Trisha and Priya talked over certain important issues for nearly one hour. After that they went to Coffee Day shop—Trisha had cold coffee and Priya asked for hot coffee. Both the drinks were charged at the same rate of Rs.75 per cup. Trisha started walking at 6 kmph towards eastern direction and Priya started walking at 5 kmph towards western direction. They started at 11 am. At what time will they be 44 km apart ?

a) 3 am b) 2 pm c) 3pm d) 4 pm

Answer : c) 3 pm

Solution :

Trisha and Priya started walking in eastern and western direction respectively at 11 am.
Trisha walked at 6 kmph and Priya started walking at 5 kmph. So the relative speed is 11 kmph.
Time required to be 44 Kms apart when the relative speed is 11 Km/hr = Distance Between Them / Relative Speed = 44/11 = 4.
They will be 44 km apart after four hours from the time of starting. i.e. 3 pm. (candidates must be alert to not to mark a) 3 am as answer)

Question 2

Sundaramurthy can row at 8.5 kmph in still water and he finds it takes him thrice as long to row up as to row down the river. Find the speed of river in kmph.

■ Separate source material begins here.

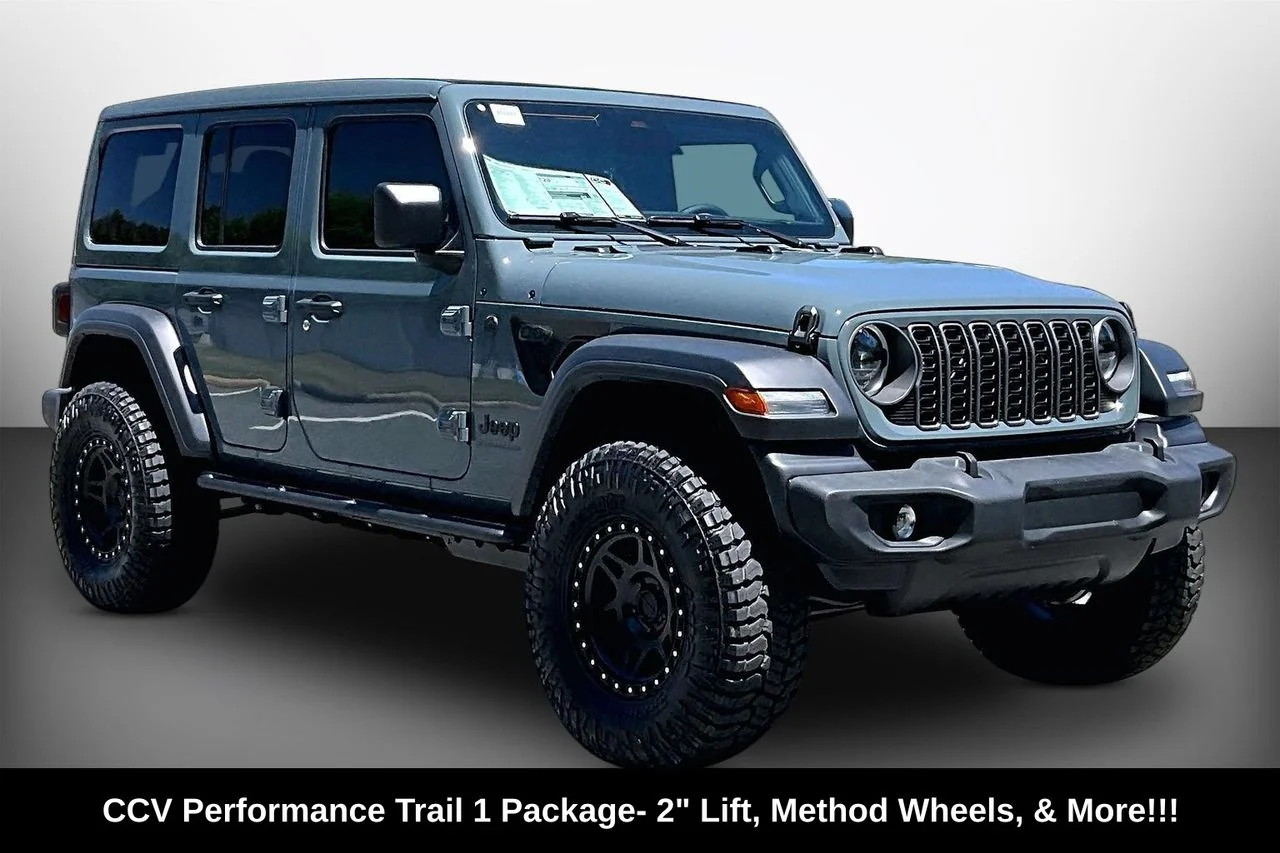 New 2026 Anvil Clearcoat Jeep Sport S image 2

a) 3.25 km/hr b) 5.25 km/hr c) 2.75 km/hr d) 4.25 km/hr

Answer : d) 4.25 km/hr

Solution :

Let the speed of the river be c.
His speed when rowing down = 8.5 + c
His speed when rowing up = 8.5 - c
In the question it has been given that "it takes him thrice as long to row up as to row down the river". This means the time taken for him to row up is 3 times the time taken for him to row down. In other words, his overall speed when rowing down will be 3 times greater than his overall speed when rowing up.

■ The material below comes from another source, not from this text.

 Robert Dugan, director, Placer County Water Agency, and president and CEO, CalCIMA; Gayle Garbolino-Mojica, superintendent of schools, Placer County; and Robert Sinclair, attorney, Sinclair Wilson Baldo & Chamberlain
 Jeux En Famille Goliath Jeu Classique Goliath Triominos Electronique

Let the time taken for upstream be Tup and for downstream be Tdown.
Tup = 3 x Tdown
Tdown / Tup = 1 / 3
Speed Up = Distance / Time Up
Speed Down = Distance / Time Down
Speed Up / Speed Down = Time Down / Time Up

8.5 - c / 8.5 + c = 1 / 3
8.5 + c = (8.5 - c) 3
8.5 + c = 25.5 - 3c
c + 3c = 25.5 – 8.5 = 17
4c = 17
c = 4.25 km/hr

Question 3

In a software company employees arranged for a picnic. At the planning stage it was found that per employee share of the total cost would be same as the number of enlisted employees. However, on the day of picnic the number of employees who were present was 20 less than the enlisted number. Consequently, per employee share shot up by 20%. What was the number of employees who had enlisted initially? How much did each employee pay finally?

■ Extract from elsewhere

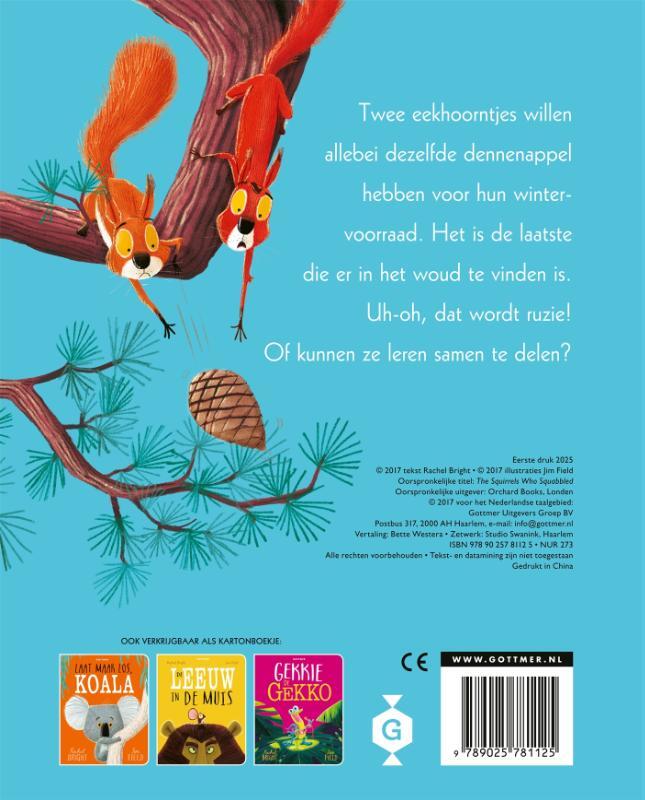 Twee vechtende eekhoorntjes 2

a) 120, Rs.172.80 b) 100, Rs.172.80 c) 120, Rs.144 d) none of these.

Answer : c) 120, Rs.144

Solution :

Let the number of employees initially be n
From the question, the Cost per Employee = n (as it is given that "employee share of the total cost would be same as the number of enlisted employees")
Hence total cost = Cost per Employee x Number of Employees = n x n = n²
Twenty employees did not turn up and hence those participating in picnic = (n – 20). Hence the cost of n² has to be shared by the present (n - 20) employees.
Total cost per employee will be n² / (n-20)
This is to be given to be 20% more than the original figure.

So, n² / (n-20) = (120/100) n
n² = 1.20 n (n-20)
Dividing by n on both sides,
n = 1.2 (n - 20)
n = 1.2n - 24
24 = 0.2n
120 = n
Initial amount planned to be paid by each employee = n = Rs.120
Final and actual amount paid by each employee = n² / (n-20) = 14400/100 = Rs. 144.